§ Work instructions
Could you retype the lines below, starting at the line holding "Hutton, Leather, Beige/Red, MIC, 2*" and stopping at the line holding "Camiseta Segunda Equipación Túnez 2018", inclusive? Copy them exactly and drop the images.

§ Available records

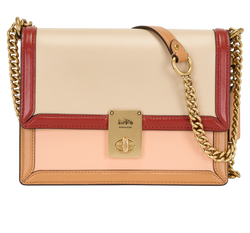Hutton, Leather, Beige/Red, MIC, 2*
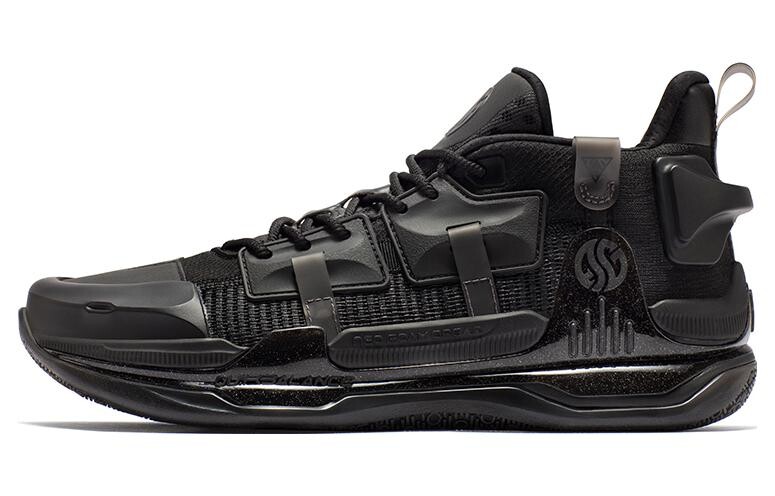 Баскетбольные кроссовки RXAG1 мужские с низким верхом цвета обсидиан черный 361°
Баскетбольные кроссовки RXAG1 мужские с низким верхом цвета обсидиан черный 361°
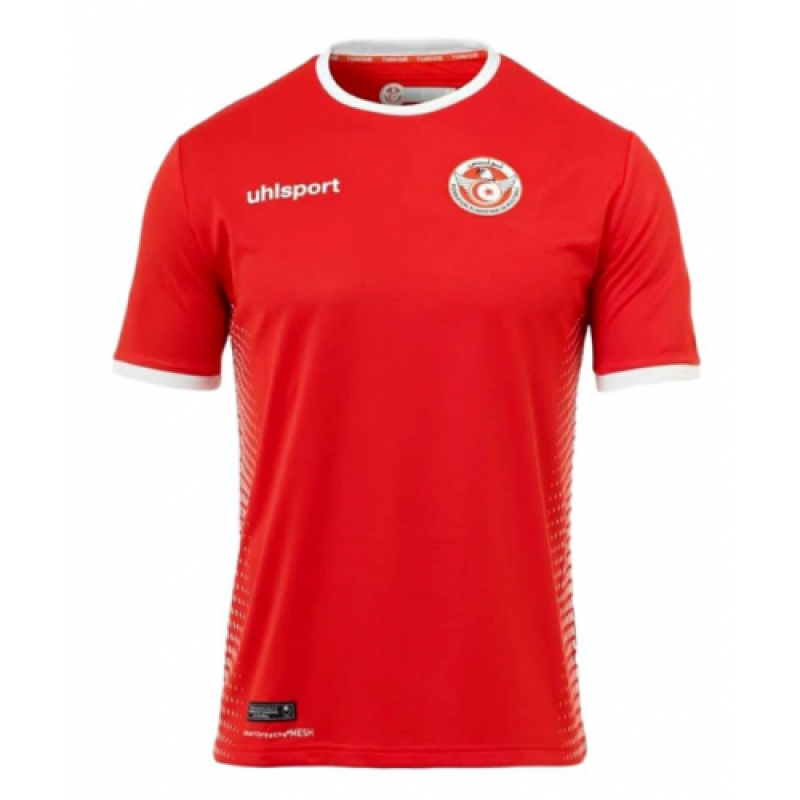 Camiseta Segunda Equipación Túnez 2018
---
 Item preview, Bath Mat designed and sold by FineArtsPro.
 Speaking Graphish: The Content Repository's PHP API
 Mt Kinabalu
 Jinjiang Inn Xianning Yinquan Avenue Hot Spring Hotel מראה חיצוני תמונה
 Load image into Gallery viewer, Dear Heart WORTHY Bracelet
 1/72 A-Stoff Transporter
* * *
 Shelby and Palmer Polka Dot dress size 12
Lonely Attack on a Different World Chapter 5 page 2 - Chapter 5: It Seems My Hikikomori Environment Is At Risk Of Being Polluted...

§ Solution to the exercise
Hutton, Leather, Beige/Red, MIC, 2*
 Баскетбольные кроссовки RXAG1 мужские с низким верхом цвета обсидиан черный 361°
Баскетбольные кроссовки RXAG1 мужские с низким верхом цвета обсидиан черный 361°
 Camiseta Segunda Equipación Túnez 2018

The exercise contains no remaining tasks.